Count, in the listing that follows, every line containing the word "Tote". Give the number by itself.

_ _ _ _ _ _ _

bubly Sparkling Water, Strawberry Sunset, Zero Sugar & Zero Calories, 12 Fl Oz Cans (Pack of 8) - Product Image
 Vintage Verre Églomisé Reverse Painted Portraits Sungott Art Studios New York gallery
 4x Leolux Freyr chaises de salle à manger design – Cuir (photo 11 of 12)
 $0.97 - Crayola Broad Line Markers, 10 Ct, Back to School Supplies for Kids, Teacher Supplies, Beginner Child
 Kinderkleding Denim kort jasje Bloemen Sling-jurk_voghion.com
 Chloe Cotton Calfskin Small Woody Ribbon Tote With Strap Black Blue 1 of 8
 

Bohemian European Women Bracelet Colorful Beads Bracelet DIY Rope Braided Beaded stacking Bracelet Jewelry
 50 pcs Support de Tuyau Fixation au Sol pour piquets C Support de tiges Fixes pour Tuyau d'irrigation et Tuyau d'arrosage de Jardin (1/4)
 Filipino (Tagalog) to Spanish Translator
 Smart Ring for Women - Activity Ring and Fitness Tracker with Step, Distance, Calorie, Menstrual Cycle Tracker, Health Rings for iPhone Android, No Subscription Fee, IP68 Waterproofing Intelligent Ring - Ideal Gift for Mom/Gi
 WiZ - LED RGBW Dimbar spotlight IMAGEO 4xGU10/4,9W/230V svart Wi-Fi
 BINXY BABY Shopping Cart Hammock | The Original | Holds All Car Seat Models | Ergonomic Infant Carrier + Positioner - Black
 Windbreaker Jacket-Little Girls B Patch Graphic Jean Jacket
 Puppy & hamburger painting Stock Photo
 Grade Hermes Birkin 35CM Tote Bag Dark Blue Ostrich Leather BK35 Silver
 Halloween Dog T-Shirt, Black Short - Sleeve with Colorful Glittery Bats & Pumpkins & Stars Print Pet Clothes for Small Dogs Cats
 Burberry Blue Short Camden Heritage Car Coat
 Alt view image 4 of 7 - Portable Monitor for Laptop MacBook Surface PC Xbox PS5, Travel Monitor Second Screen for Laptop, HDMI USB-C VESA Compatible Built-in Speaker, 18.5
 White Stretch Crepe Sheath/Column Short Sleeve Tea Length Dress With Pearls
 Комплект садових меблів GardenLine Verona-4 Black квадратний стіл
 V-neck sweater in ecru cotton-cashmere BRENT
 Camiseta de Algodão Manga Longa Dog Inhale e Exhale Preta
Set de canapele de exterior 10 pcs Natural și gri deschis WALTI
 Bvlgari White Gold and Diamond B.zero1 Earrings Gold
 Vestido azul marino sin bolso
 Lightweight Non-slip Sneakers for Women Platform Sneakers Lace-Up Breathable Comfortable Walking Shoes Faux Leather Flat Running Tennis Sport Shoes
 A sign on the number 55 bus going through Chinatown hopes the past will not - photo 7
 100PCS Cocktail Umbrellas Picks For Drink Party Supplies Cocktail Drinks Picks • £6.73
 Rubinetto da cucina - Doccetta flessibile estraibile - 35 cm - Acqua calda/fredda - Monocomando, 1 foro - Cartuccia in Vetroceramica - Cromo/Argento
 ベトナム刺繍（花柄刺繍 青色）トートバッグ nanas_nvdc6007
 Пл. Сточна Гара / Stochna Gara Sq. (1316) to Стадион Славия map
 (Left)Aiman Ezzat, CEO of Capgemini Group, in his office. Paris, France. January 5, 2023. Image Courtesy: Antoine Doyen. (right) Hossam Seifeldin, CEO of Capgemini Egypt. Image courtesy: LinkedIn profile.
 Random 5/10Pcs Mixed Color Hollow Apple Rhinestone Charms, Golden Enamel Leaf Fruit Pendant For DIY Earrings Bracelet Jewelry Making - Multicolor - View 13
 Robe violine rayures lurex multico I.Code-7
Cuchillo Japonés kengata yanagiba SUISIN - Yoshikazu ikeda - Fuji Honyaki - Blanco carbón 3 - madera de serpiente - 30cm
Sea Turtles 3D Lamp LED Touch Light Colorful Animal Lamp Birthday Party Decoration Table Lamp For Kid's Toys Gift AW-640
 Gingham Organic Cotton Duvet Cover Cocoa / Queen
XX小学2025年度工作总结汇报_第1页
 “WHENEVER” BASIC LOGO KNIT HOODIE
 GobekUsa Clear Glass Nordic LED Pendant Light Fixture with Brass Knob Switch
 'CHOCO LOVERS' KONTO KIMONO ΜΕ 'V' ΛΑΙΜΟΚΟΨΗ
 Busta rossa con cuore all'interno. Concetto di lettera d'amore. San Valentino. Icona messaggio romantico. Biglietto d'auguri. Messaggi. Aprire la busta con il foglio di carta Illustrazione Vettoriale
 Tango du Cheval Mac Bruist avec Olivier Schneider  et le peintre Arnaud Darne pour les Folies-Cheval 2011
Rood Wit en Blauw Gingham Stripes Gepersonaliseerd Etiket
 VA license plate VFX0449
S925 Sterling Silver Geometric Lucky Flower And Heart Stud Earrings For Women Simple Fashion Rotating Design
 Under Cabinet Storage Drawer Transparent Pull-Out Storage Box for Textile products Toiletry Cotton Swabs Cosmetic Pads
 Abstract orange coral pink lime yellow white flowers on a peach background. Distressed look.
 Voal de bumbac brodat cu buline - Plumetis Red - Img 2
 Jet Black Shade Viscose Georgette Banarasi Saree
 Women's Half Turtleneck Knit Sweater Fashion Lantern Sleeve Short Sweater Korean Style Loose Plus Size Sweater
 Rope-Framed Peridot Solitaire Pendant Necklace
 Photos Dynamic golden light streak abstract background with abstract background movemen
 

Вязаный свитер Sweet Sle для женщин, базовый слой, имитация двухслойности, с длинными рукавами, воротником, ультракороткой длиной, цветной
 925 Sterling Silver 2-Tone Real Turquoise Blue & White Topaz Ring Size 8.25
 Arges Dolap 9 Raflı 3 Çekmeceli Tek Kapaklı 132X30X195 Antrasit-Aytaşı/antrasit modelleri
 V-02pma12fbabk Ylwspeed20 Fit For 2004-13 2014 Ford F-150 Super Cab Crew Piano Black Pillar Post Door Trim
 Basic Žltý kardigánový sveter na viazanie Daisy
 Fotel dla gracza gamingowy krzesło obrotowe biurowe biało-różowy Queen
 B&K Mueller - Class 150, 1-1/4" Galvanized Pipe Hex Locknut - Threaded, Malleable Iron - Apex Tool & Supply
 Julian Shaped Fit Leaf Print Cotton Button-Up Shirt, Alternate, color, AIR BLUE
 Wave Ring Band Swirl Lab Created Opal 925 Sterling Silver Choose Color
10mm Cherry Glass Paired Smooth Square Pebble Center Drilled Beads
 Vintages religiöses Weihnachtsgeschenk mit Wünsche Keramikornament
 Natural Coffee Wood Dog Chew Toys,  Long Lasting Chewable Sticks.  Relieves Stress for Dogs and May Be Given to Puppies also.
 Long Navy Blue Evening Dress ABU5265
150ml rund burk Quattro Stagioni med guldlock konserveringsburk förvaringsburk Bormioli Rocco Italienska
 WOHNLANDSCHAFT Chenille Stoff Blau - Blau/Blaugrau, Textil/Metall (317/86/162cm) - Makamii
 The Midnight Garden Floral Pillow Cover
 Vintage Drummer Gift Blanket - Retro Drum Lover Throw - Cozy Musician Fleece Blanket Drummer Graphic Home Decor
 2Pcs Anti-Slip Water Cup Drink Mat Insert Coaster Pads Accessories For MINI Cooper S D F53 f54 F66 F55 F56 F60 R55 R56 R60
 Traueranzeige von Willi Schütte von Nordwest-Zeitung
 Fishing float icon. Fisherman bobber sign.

_ _ _ _ _ _ _

Written answer:
2